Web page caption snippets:
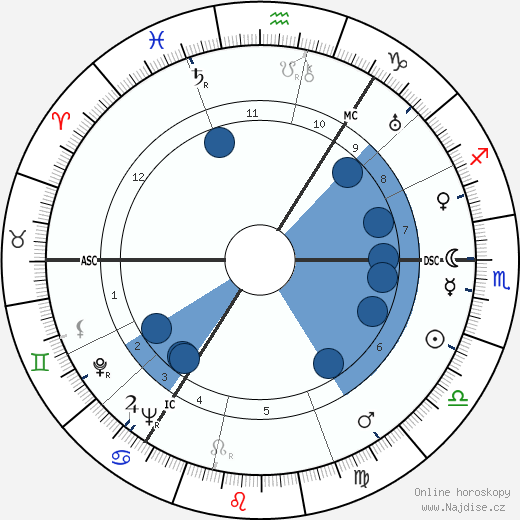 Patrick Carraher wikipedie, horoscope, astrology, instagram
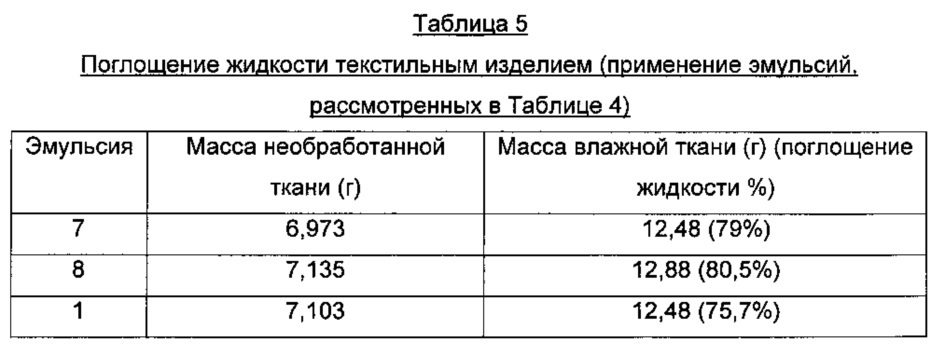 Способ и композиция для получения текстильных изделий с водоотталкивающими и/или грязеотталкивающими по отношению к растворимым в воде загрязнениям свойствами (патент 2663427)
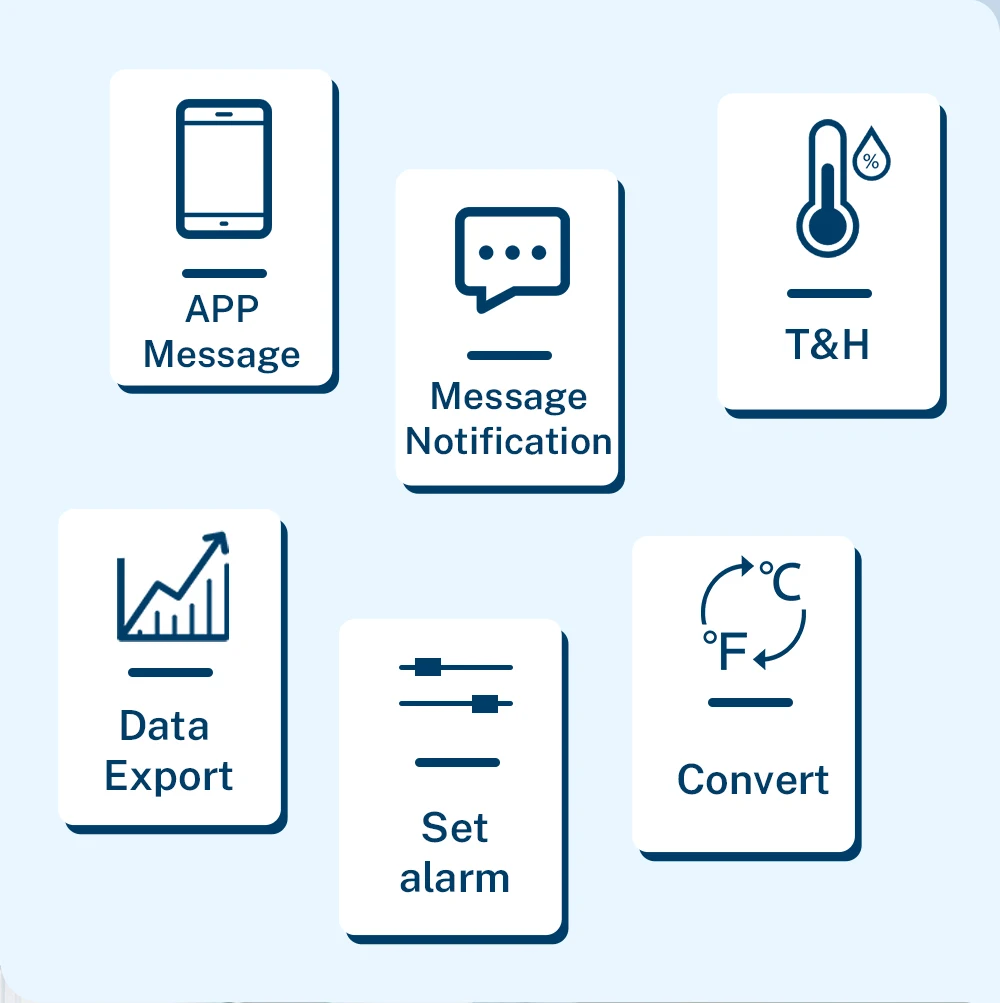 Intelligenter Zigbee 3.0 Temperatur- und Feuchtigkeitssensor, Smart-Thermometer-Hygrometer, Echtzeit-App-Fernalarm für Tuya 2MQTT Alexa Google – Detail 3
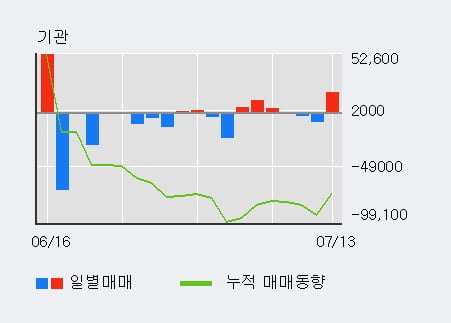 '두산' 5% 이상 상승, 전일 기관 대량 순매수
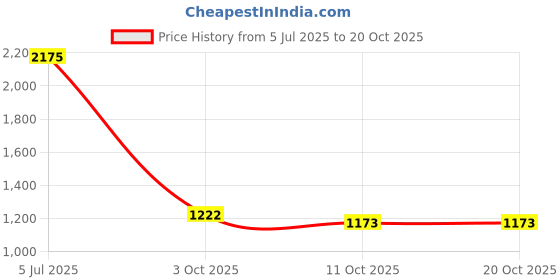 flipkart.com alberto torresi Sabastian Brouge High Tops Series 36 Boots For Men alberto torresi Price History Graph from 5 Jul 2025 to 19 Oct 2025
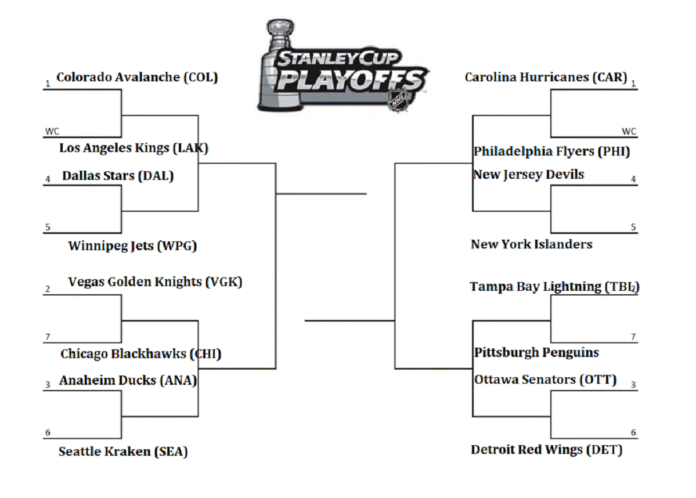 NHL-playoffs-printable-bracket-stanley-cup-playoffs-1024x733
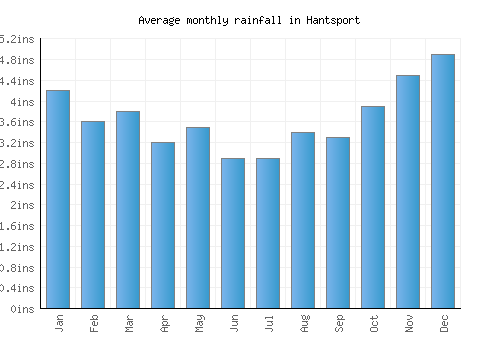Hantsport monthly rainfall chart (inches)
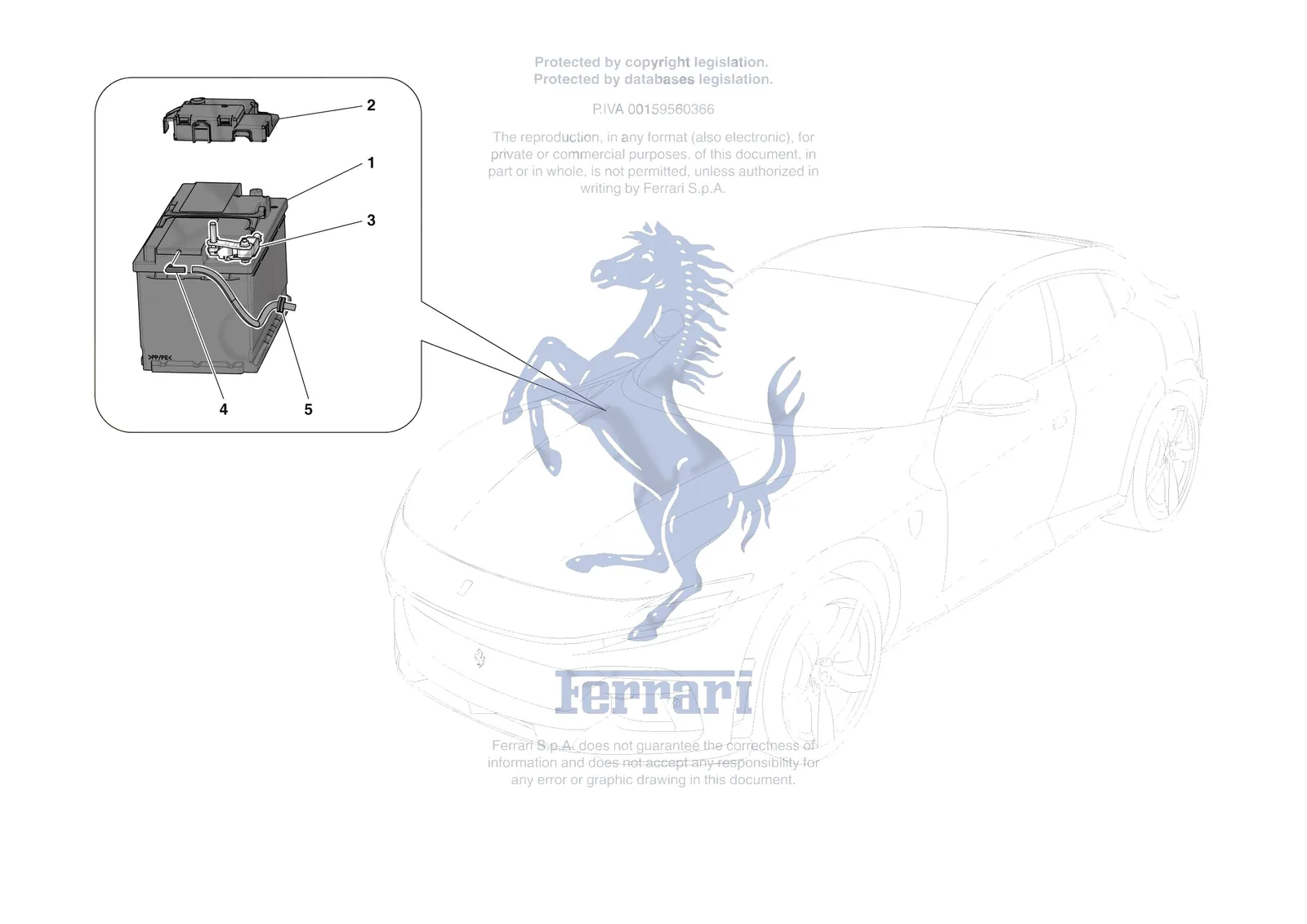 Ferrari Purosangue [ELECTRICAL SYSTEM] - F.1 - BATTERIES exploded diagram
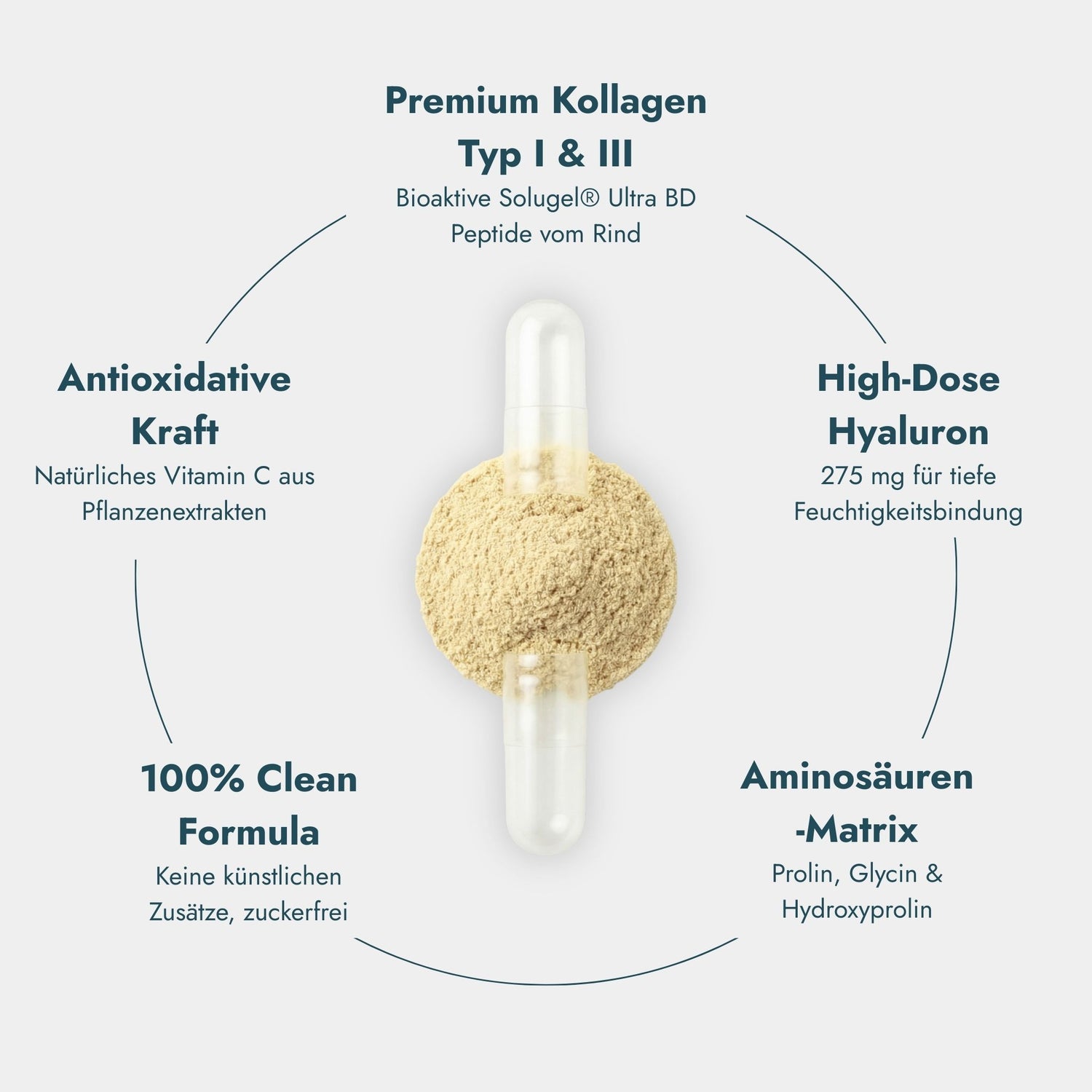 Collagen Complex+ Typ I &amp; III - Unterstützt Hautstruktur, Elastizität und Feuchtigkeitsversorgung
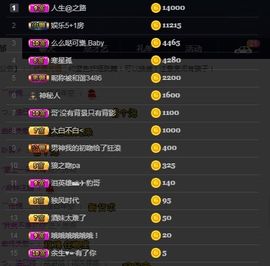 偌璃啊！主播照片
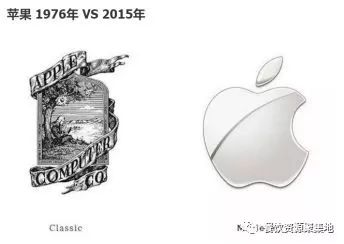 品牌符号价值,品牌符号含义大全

### What is required
Reproduce every entry word for word, but skip any pictures.

### Answer for the task
 Patrick Carraher wikipedie, horoscope, astrology, instagram
 Способ и композиция для получения текстильных изделий с водоотталкивающими и/или грязеотталкивающими по отношению к растворимым в воде загрязнениям свойствами (патент 2663427)
 Intelligenter Zigbee 3.0 Temperatur- und Feuchtigkeitssensor, Smart-Thermometer-Hygrometer, Echtzeit-App-Fernalarm für Tuya 2MQTT Alexa Google – Detail 3
 '두산' 5% 이상 상승, 전일 기관 대량 순매수
 flipkart.com alberto torresi Sabastian Brouge High Tops Series 36 Boots For Men alberto torresi Price History Graph from 5 Jul 2025 to 19 Oct 2025
 NHL-playoffs-printable-bracket-stanley-cup-playoffs-1024x733
Hantsport monthly rainfall chart (inches)
 Ferrari Purosangue [ELECTRICAL SYSTEM] - F.1 - BATTERIES exploded diagram
 Collagen Complex+ Typ I &amp; III - Unterstützt Hautstruktur, Elastizität und Feuchtigkeitsversorgung
 偌璃啊！主播照片
 品牌符号价值,品牌符号含义大全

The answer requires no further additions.